20 ans. 20 ans depuis le dernier carnage orchestré par John Rambo, dans un film aussi moyen qu’idéologiquement puant. Autant dire que cette icône du cinéma d’action semblait alors belle et bien enterrée, les 90′s apportant de plus une nouvelle conception du action-hero dans laquelle le troufion Rambo n’avait plus sa place. Mais, on le sait, les modes sont cycliques, et on assiste aujourd’hui à un véritable revivalde toutes ces juteuses licences que nous n’avons jamais cessé d’aimer. Petit problème cependant : qui est aujourd’hui John Rambo, lui qui a été tour-à-tour anti- (le 1er, où il expose le malaise des anciens combattants du Vietnam) et pro-guerre (le 3ème, où il fout une bonne raclée à ses salauds de cocos juste à la fin de la Guerre Froide) ? Notre époque n’a absolument rien à voir avec celles des précédents films et cela doit se ressentir sur le personnage.

Chose que réussit parfaitement Sly, en nous présentant un personnage dont les méthodes et le discours sont un peu limites (l’humanitaire ne sert à rien, la seule solution valable est le recours aux armes) mais sans en être pour autant l’étendard d’une certaine politique américaine. Bien au contraire, même, puisque Rambo est désormais un être dont le cynisme et le désenchantement vous sautent à la gueule (ses premiers mots dans le film sont, je crois, « fuck the world! » ou quelque chose d’approchant), une machine de guerre qui s’est mis elle-même en pause à force de trop en voir, puis qui se remet en marche par la force des choses et avec une brutalité hallucinante (entre égorgement à main nue et décapitation d’un coup de couteau). Rambo est donc devenu un véritable bad-ass et ça, ça fait déjà très plaisir.

Mais là où ce John Rambo est vraiment énorme, c’est dans le pétage de plomb de « Stallone réalisateur » qui nous livre une des péloches les plus violentes jamais tournées, véritable tour de force pour un blockbuster super-attendu et qui va plus loin que tout ce que l’on aurait pu imaginer (comme pour son Rocky Balboa, d’ailleurs, sauf que la direction prise dans celui-ci n’était vraiment pas concluante… pour ne pas dire chiante, oui), sans réel égard pour les visées commerciales.

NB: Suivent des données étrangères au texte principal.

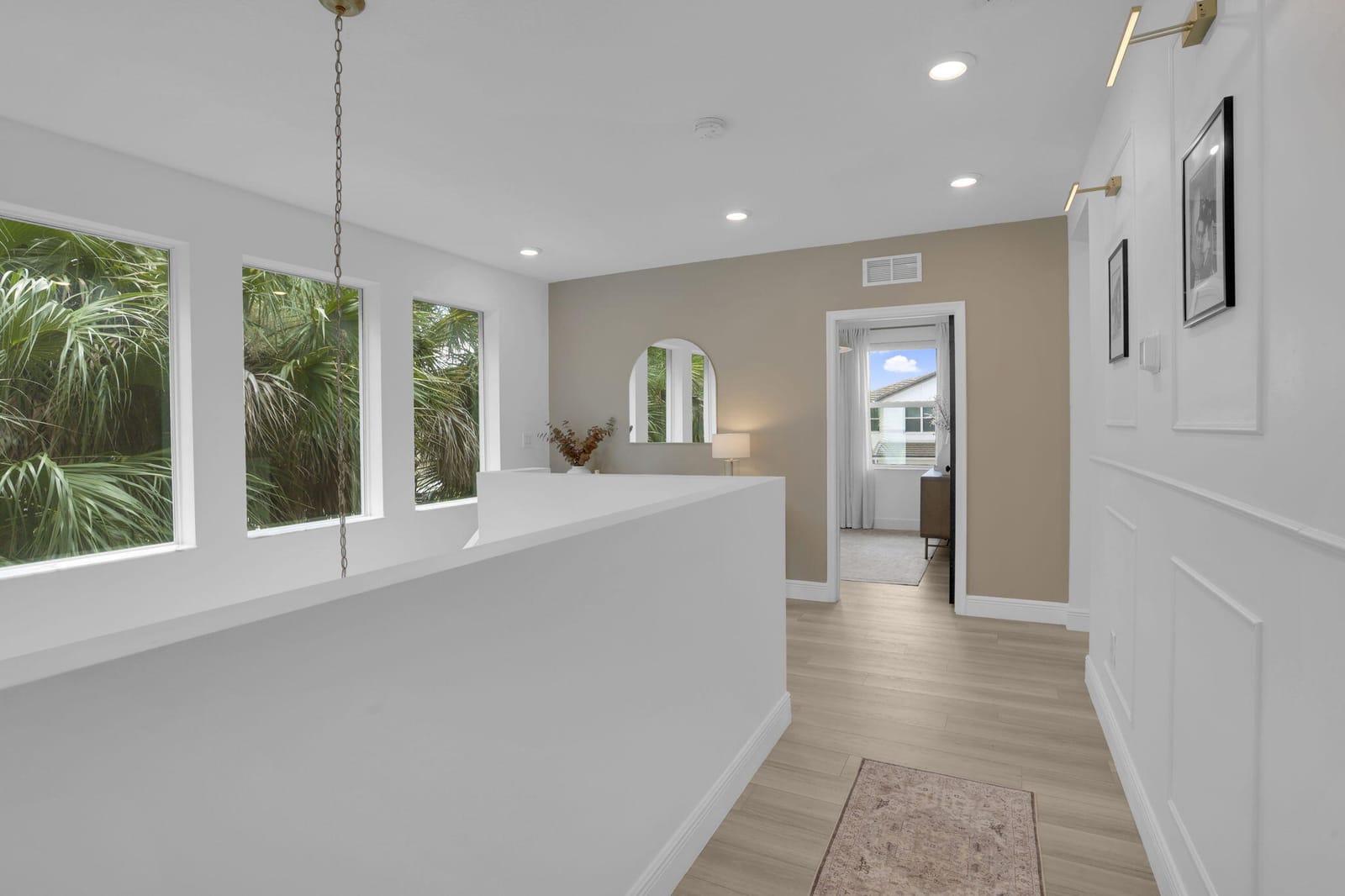 1041 Rio Court, Deerfield Beach, FL 33064 photo 23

On pourrait ainsi énumérer les morceaux de bravoure que compte le film, et il y en a (rien que le monstrueux climax final, qui n’a déquivalent en termes de furie cinématographique que la scène du mitraillage d’arbres dans Predator… sauf qu’ici on tire sur des humains qui ont une forte propension à exploser en gerbes rouges bien gores), mais il est une chose et une seule qui montre sans ambiguïté le jusqu’au-boutisme dont fait preuve le dernier film de Stallone : perdus au milieu des scènes de carnage, des plans où l’on voit plus qu’explicitement des enfants se faire tuer, et qui plus est de manières particulièrement vicieuses…

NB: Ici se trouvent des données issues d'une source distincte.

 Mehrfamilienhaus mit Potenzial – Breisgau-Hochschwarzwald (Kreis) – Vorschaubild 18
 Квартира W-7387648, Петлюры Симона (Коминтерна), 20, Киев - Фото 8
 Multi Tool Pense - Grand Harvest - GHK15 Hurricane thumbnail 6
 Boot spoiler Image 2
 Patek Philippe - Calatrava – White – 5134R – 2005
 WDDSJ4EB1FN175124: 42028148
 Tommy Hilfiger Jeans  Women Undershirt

Une démesure dans la barbarie et une transgression de tabous qui emmène le film au-délà du cadre du « simple » film d’action, le faisant rentrer de plein pied dans celui du film de guerre, surtout que Stallone scénariste « s’applique » à mettre en lumière la situation merdique qui règne en Birmanie (les images d’archives au début qui tendent bien évidemment à inclure le film dans la réalité pour mieux la commenter). Une volonté louable mais qui est finalement éclipsée par le plaisir cinématographique que procure ce film sans concession, surtout que sa courte durée lui offre un rythme trépidant tout en le forçant à un certain manichéisme pour ne pas le perdre (les méchants sont VRAIMENT très méchants : voir le chef des soldats qui, en plus d’être est un criminel de guerre – ce qui est déjà pas mal explicite – , est un pédophile).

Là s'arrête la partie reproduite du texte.